WHAT TO PRODUCE => Print the lines of the entries below from the one with "Now we will" through the final line, exactly as they appear. The pictures are not part of the copy.

THE DATA =>
::::

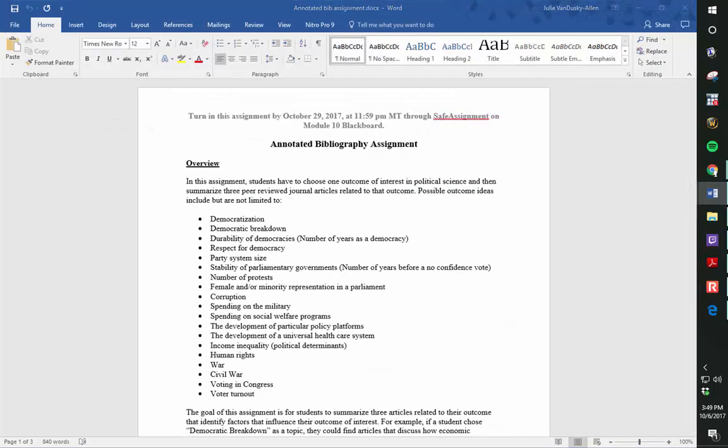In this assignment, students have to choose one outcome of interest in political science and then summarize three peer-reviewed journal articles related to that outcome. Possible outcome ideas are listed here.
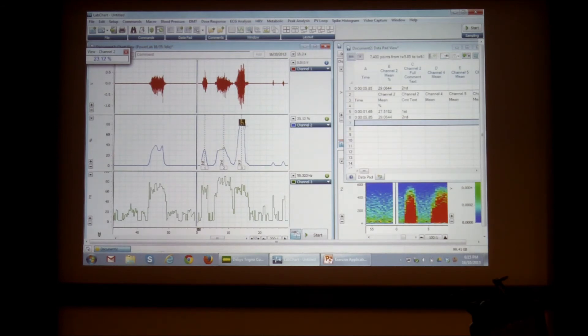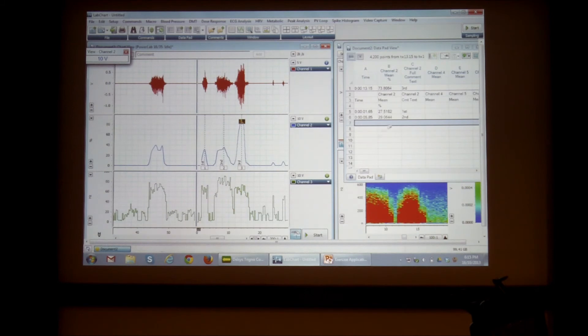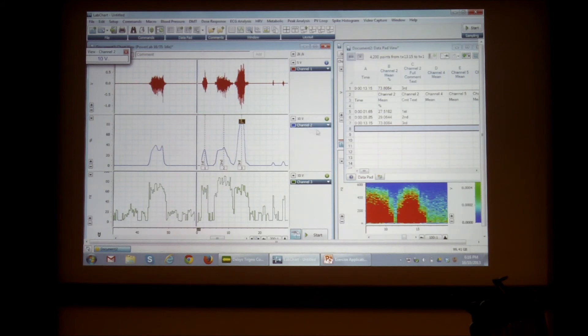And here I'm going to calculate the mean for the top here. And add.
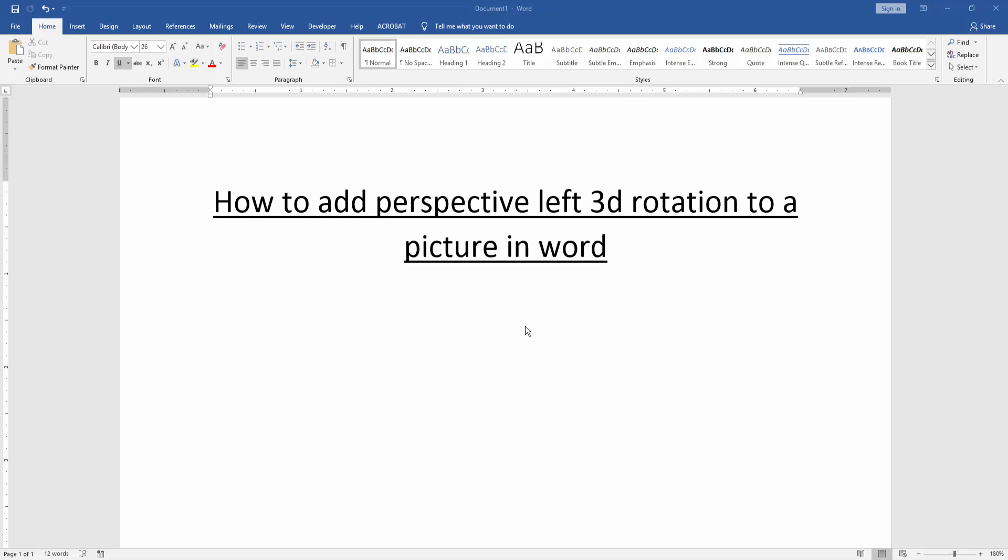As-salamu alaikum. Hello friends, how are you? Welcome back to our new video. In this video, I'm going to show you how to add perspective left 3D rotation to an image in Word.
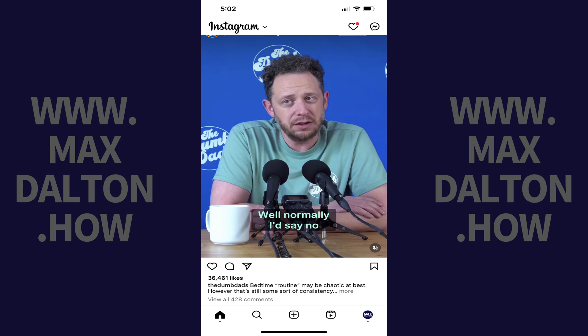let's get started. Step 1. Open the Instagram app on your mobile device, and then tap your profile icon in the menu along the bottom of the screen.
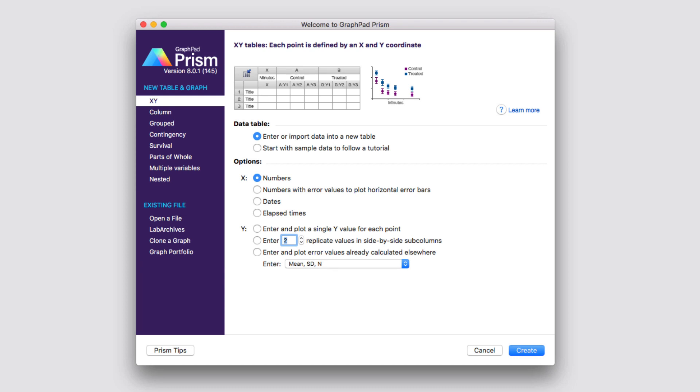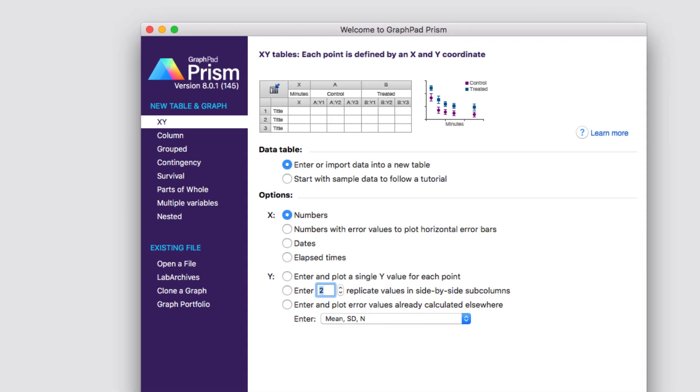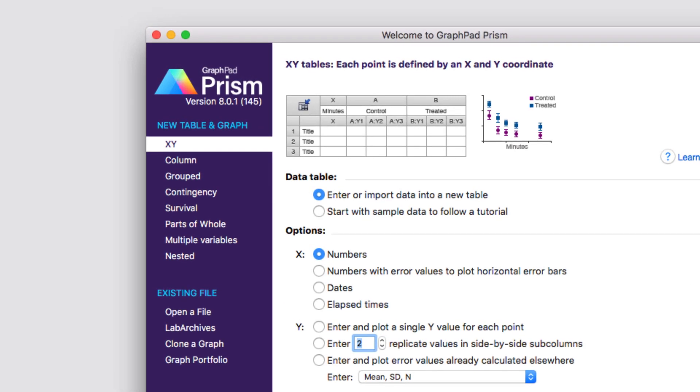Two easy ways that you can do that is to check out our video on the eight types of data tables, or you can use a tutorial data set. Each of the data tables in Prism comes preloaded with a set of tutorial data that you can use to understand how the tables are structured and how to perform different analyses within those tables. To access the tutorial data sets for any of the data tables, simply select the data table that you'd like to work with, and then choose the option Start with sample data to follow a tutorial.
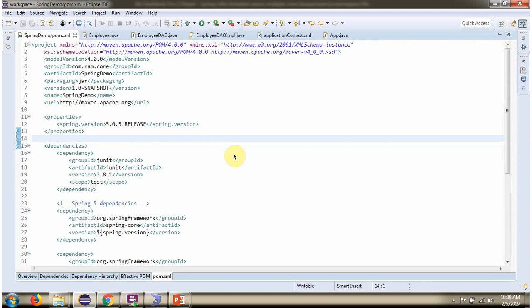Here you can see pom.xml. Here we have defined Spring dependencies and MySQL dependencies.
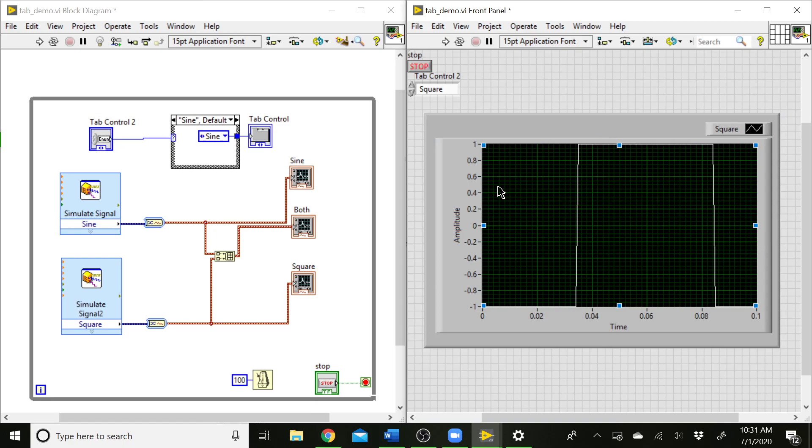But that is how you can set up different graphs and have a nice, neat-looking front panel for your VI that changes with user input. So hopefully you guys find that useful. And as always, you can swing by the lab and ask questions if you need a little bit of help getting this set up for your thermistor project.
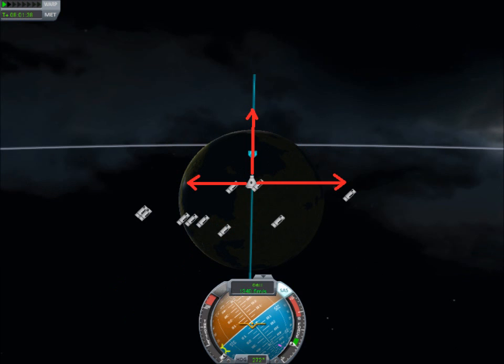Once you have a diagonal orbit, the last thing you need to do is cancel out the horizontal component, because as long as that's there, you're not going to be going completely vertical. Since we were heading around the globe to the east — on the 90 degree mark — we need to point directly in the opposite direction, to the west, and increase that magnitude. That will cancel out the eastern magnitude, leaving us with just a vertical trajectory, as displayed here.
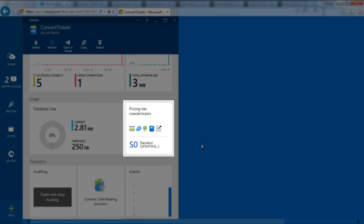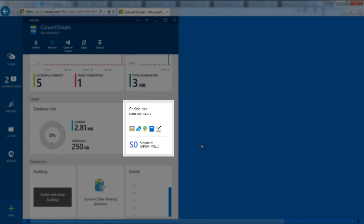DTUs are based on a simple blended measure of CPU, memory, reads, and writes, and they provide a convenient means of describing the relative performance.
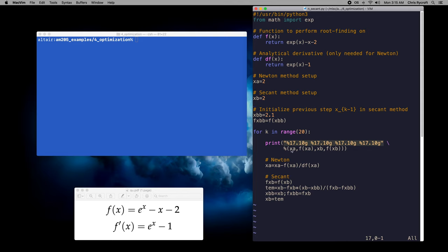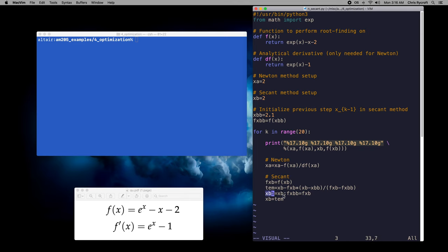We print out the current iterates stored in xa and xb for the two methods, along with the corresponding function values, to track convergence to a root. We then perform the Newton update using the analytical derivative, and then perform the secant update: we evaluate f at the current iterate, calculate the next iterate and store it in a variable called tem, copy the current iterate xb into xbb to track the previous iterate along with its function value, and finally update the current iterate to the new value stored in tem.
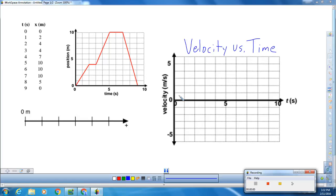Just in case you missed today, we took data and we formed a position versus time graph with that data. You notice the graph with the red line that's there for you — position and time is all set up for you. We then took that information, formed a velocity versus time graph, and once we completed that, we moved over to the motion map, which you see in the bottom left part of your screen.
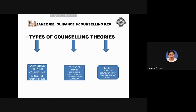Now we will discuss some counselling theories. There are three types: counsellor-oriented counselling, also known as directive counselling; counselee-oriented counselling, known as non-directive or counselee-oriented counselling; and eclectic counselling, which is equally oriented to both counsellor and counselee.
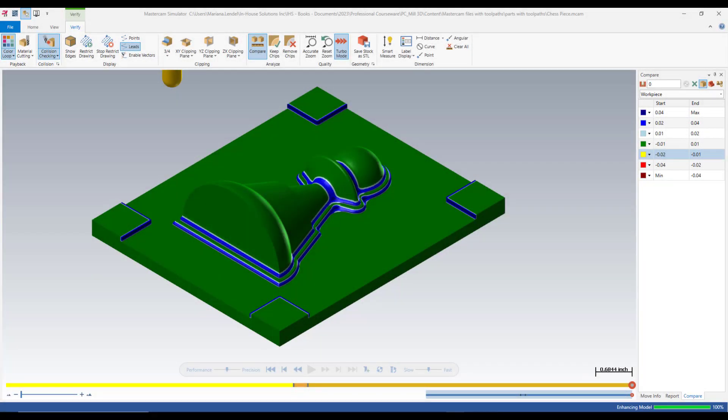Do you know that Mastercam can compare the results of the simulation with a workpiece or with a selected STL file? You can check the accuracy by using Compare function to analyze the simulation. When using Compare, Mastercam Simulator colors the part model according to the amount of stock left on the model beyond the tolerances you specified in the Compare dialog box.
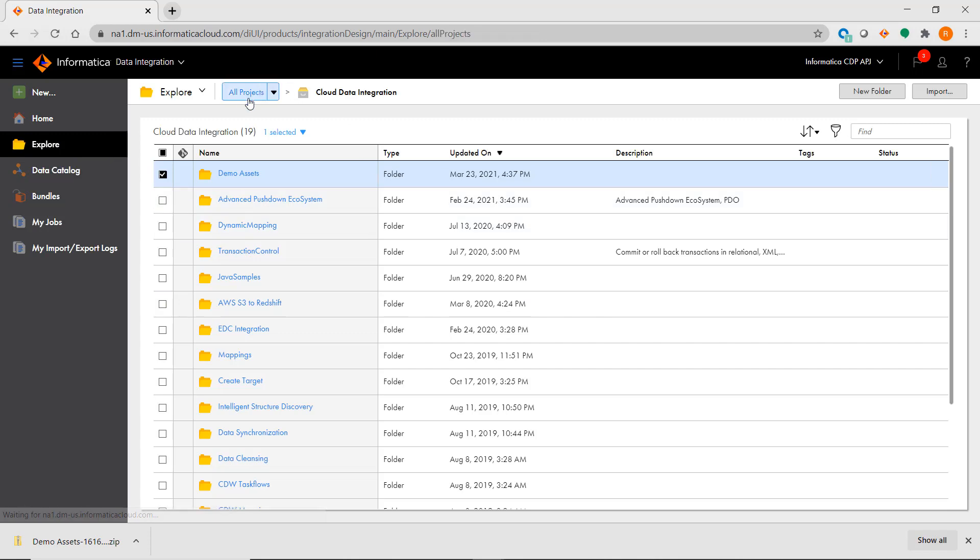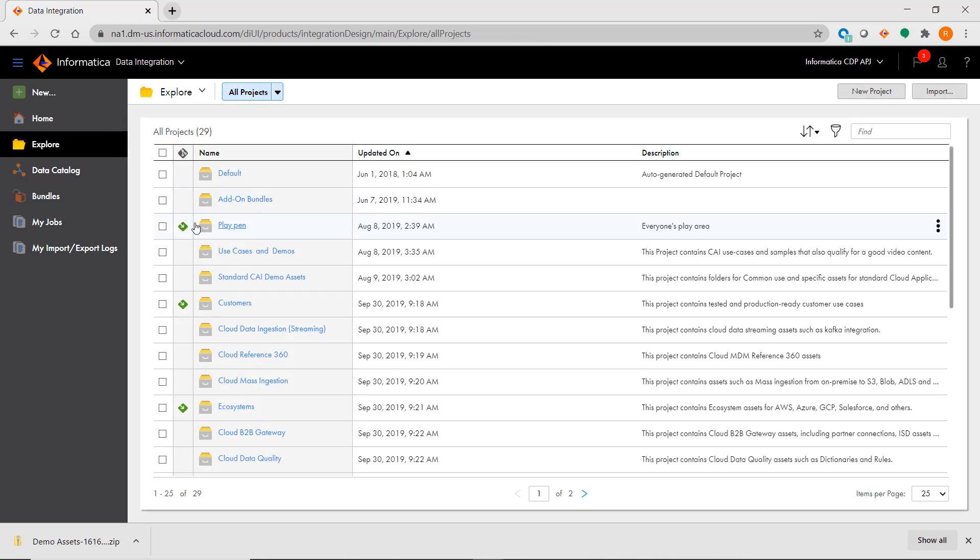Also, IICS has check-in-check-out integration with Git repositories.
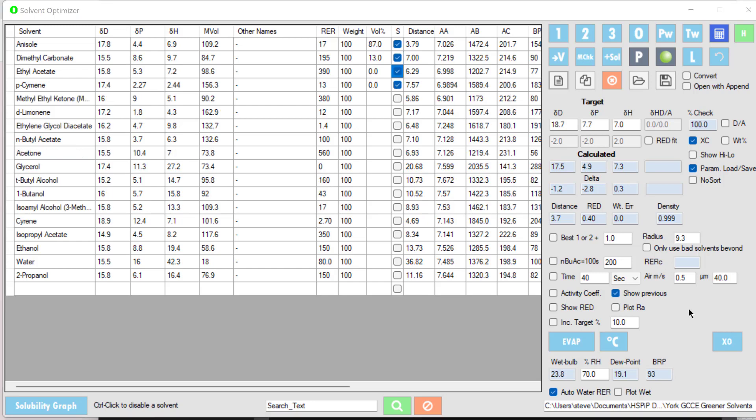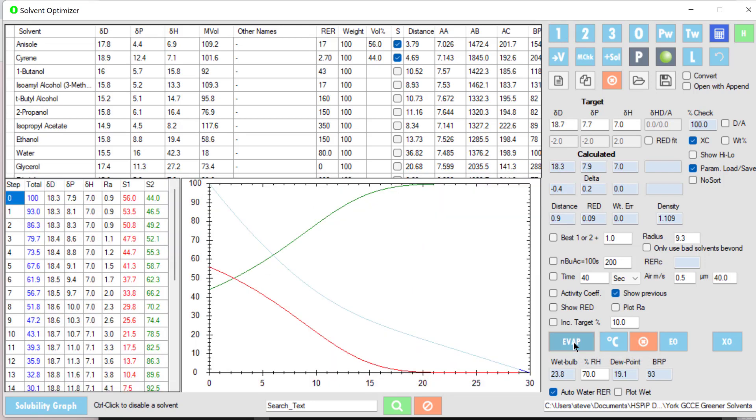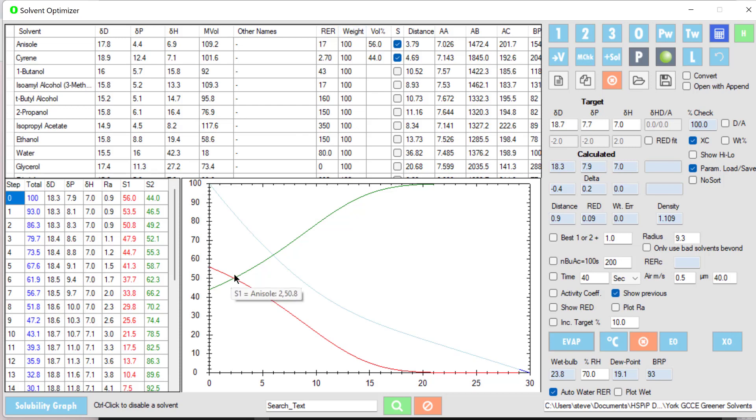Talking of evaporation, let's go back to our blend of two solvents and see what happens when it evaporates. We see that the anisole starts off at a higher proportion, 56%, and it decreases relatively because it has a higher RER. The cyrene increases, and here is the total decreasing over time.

::::

TASK RESPONSE =>
Now we will discuss some counselling theories. There are three types: counsellor-oriented counselling, also known as directive counselling; counselee-oriented counselling, known as non-directive or counselee-oriented counselling; and eclectic counselling, which is equally oriented to both counsellor and counselee.
Do you know that Mastercam can compare the results of the simulation with a workpiece or with a selected STL file? You can check the accuracy by using Compare function to analyze the simulation. When using Compare, Mastercam Simulator colors the part model according to the amount of stock left on the model beyond the tolerances you specified in the Compare dialog box.
Also, IICS has check-in-check-out integration with Git repositories.
Talking of evaporation, let's go back to our blend of two solvents and see what happens when it evaporates. We see that the anisole starts off at a higher proportion, 56%, and it decreases relatively because it has a higher RER. The cyrene increases, and here is the total decreasing over time.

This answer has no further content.